== ACTIVITY ==
Would you please return the lines of the entries below starting at the line that has "Capa-para-Prancha-Tampa-Caixao-com-Bolso-Transparente-Verde" and ending at the line that has "Matt Pink Wine Glass-1", both included, exactly as they are?

== DATA IN THIS EXERCISE ==
-- -- --

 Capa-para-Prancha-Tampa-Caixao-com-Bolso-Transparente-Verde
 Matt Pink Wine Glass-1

-- -- --

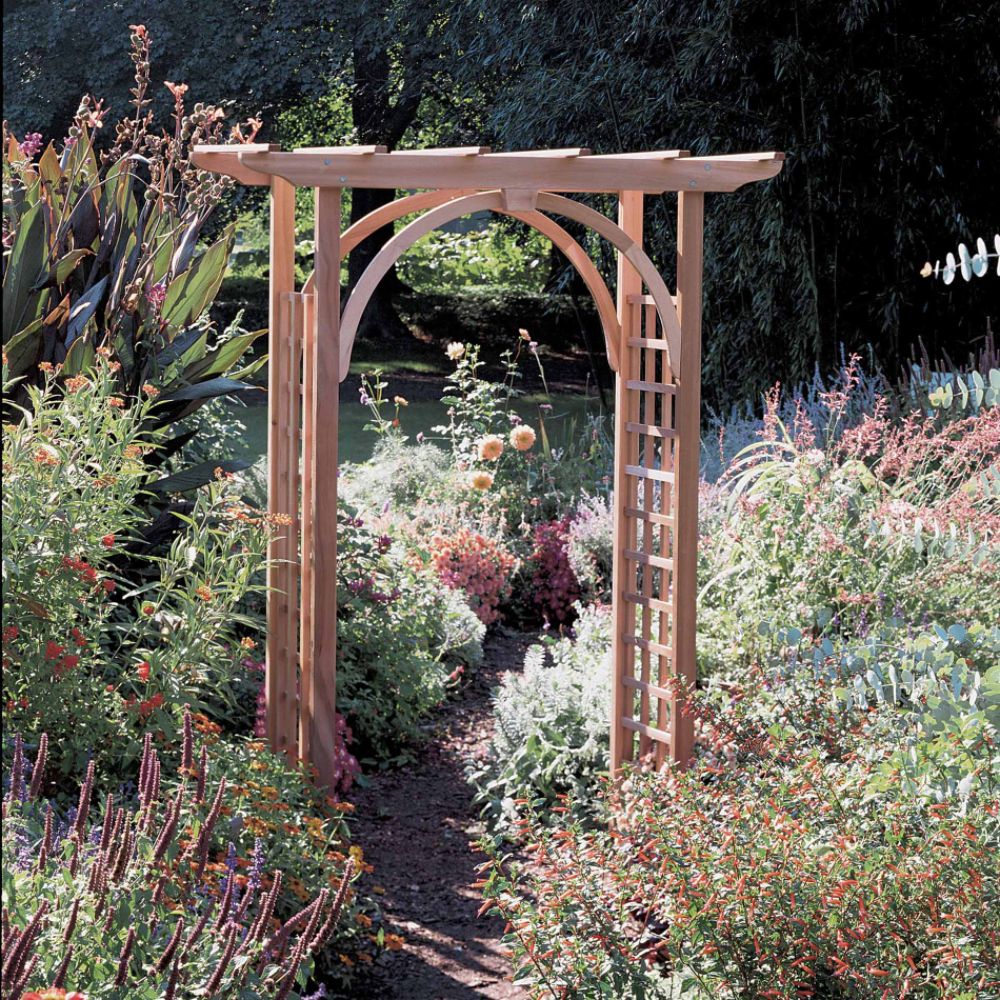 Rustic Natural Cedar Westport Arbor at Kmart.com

-- -- --

== EXPECTED ANSWER ==
 Capa-para-Prancha-Tampa-Caixao-com-Bolso-Transparente-Verde
 Matt Pink Wine Glass-1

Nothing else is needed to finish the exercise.